Lua is a popular embedded scripting language used by many tools and games such as World of Warcraft. There is also a Python port called Lunatic-Python. It wraps around liblua (the C library) and allows you to execute Lua code in Python and Python code in Lua.

I've created a fork of Lunatic-Python in:

https://github.com/kennu/Lunatic-Python

This fork allows you to create multiple Lua states, each of which has its own set of global variables.

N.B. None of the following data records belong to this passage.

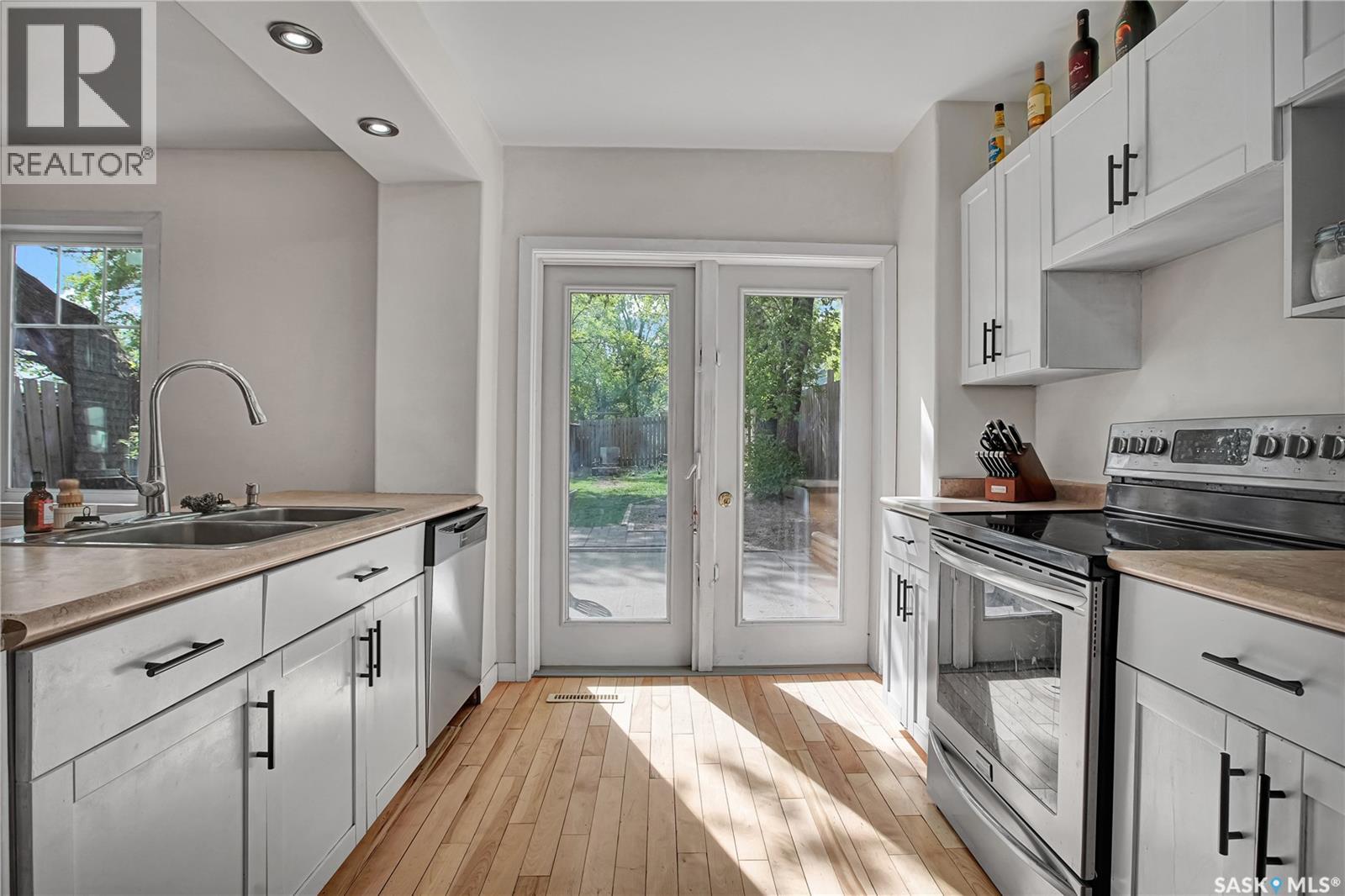 213 H AVENUE N - 8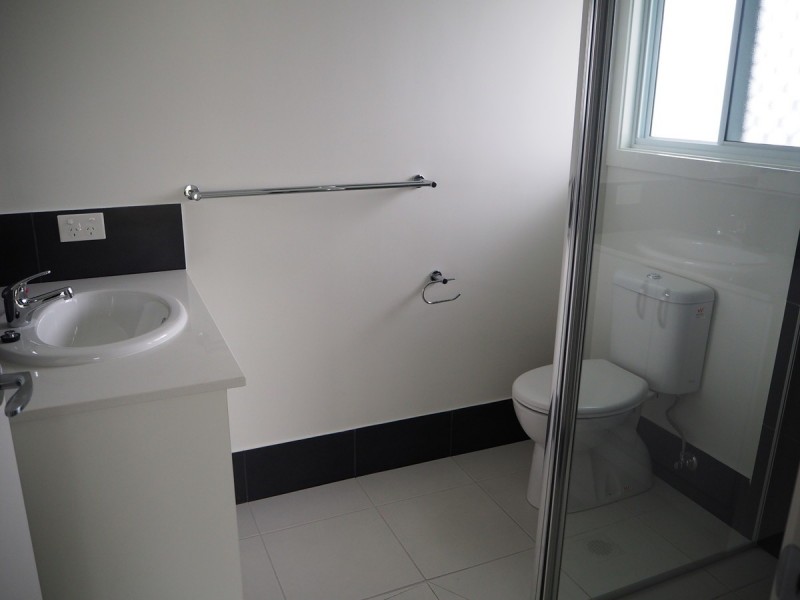 23A/23B Tulipwood Crescent, Tamworth NSW 2340
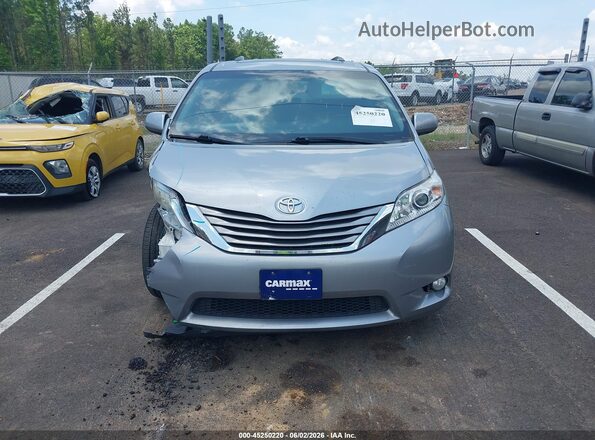 5TDYZ3DC2HS900535 2017 TOYOTA SIENNA Silver Widok wnętrza z tyłu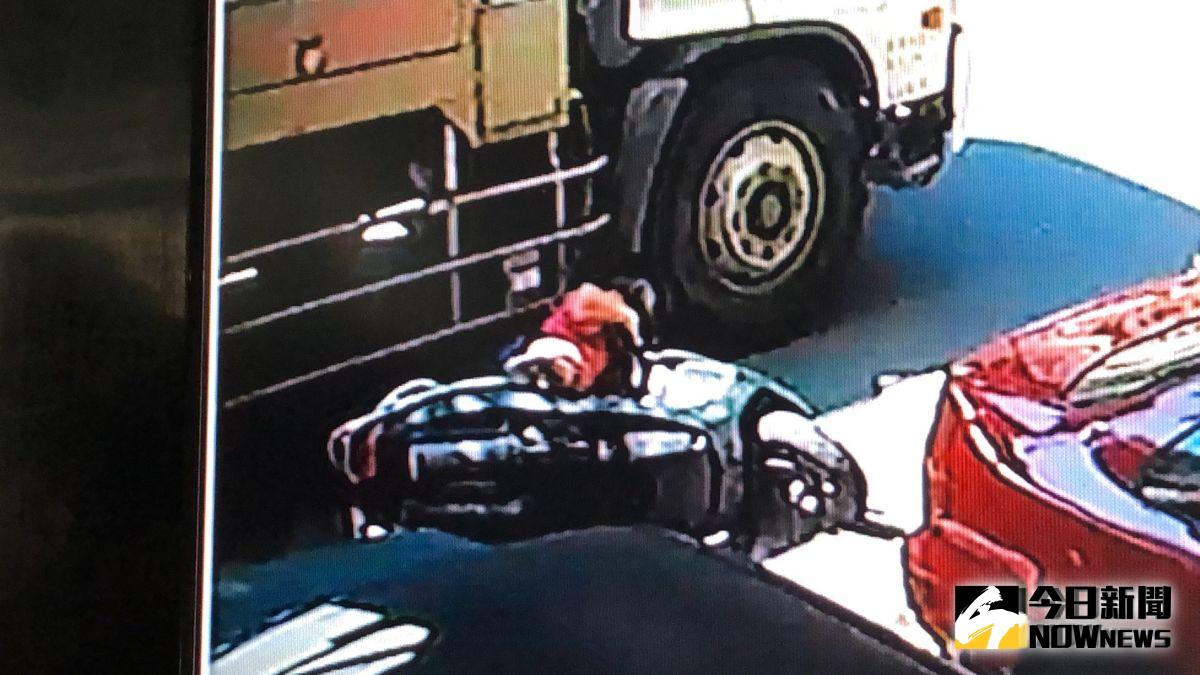 ▲「三立清潔事業有限公司」的水肥車與廖婦所騎的機車發生擦撞。（圖／記者陳聖璋攝，2019.08.28）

Previously, in Python you would execute Lua with a global state like this:

import lua
lua.globals()['msg'] = {'hello':'world'}
lua.execute("print(msg.hello)")

Now you can create multiple independent states using the new_state() function:

import lua
s1 = lua.new_state()
s2 = lua.new_state()
s1.globals()['msg'] = {'hello':'world'}
s2.globals()['msg'] = {'hello':'foobar'}
s1.execute("print(msg.hello)")
s2.execute("print(msg.hello)")

The purpose of this is that you can safely create a new, clean state when you're executing Lua in a Python function, and you don't have to worry about the global state overlapping with some other function or thread.

Please consider this fork experimental for now. It passes the test_lua.py tests but it may still contain memory leaks or other problems. Also, I have not tested it for embedding Python into Lua at all.